One nice thing, about having come to this pass, in my fifties, is that I can accept that my relationship with food will never be different. I will never have a normal relationship with it. If I'm to eat in a reasonably healthy way, I'm going to have to have abnormal, draconian, arbitrary rules about it, and follow them like some pathetic fanatic. As if I thought it was important. Which it isn't. It's just food, for God's sake. It's not as if it was a moral issue, or something that involved the well-being of my friends and family. But if I can't walk away from it -- and it's clear now that I can't -- then I must try to solve it.

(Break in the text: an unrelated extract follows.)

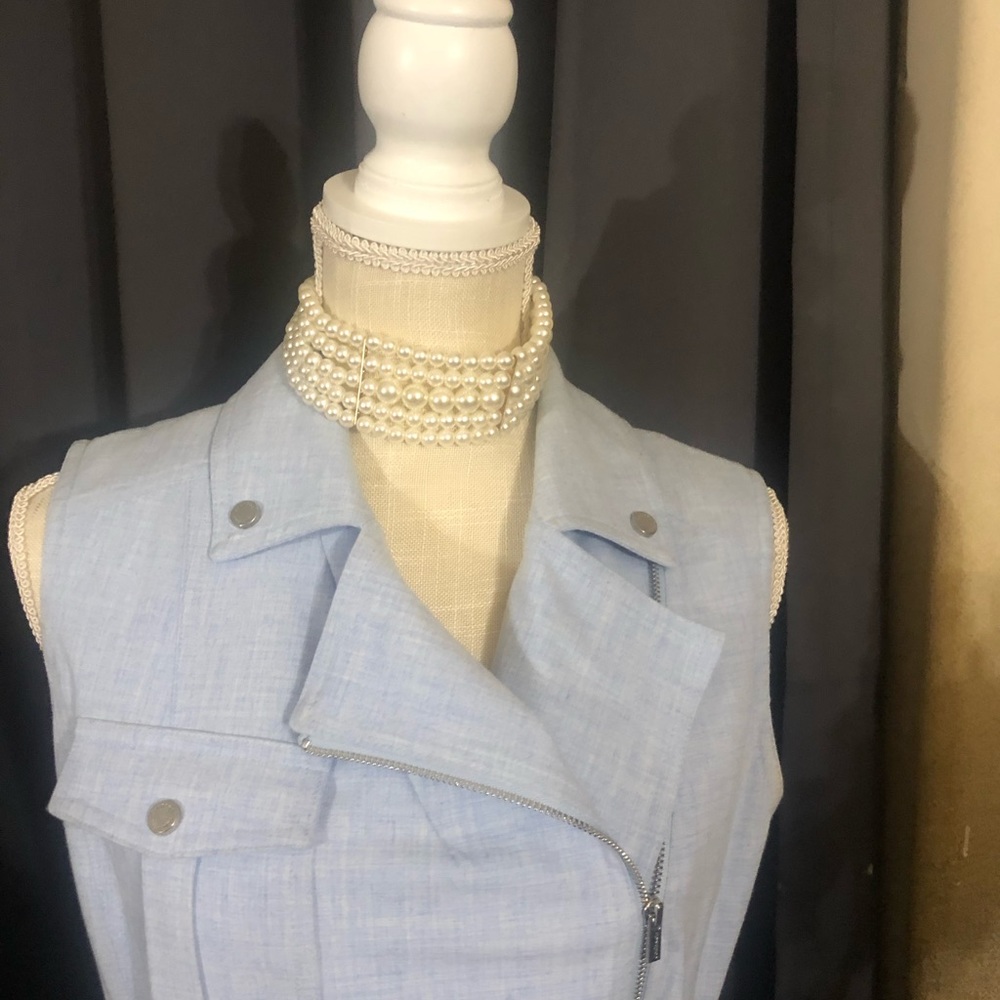 Calvin Klein. Never worn. From shoulder 39 inches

So some things to remember, in no particular order:

1) If I'm ever tired or hungry and don't have the food I should eat immediately to hand, I have already failed, whether I then eat badly or not. I should never, ever find myself in that situation. I shouldn't beat myself up about eating badly, if that happens. I should beat myself up about having let it happen. I should always know what my next meal is going to be, and how I'm going to obtain it.

2) Never: refined sugar / corn syrup / fructose, white flour, potatoes, white rice, corn, pasta, fruit juice, salt meats.

3) Always have on hand, ready to eat: fresh meat and vegetables and nuts. I can eat as much of these as I like. Also unsaturated or monosaturated oils: no problem.

4) Repeat after me: carbohydrates are not a basic food group. Carbohydrates are not a basic food group. Carbohydrates are not a basic food group. They are emergency rations, like freeze-dried hiking food. They're handy, and they keep forever, because they're not real food. On any given day I can have either a slice of whole-wheat bread, or a little cheese, or as much whole grain as sits comfortably in the palm of my hand, or a piece of fruit. (Okay, I know, I know, technically fruit is real food, and you'll find wild primates feasting on it all over the place. If I eat it, my blood sugar goes whoosh! and then plummets, wham! and soon I'm gnawing on chair legs and eating the couch cushions. Don't tell me about how healthy it is. I'm not listening to you. Can't hear you! La la la la la!)

5) One hour of prime time per day is allocated to food procurement and preparation, and all its collaterals, such as keeping the kitchen clean. This is more important than writing, than keeping my job, than maintaining my family relationships. It's even more important than studying Chinese.

6) No eating after 7:30 at night. Except, twice a week, a piece of good chocolate half the size of a business card. (Yes, I read about that study too. Go, science!)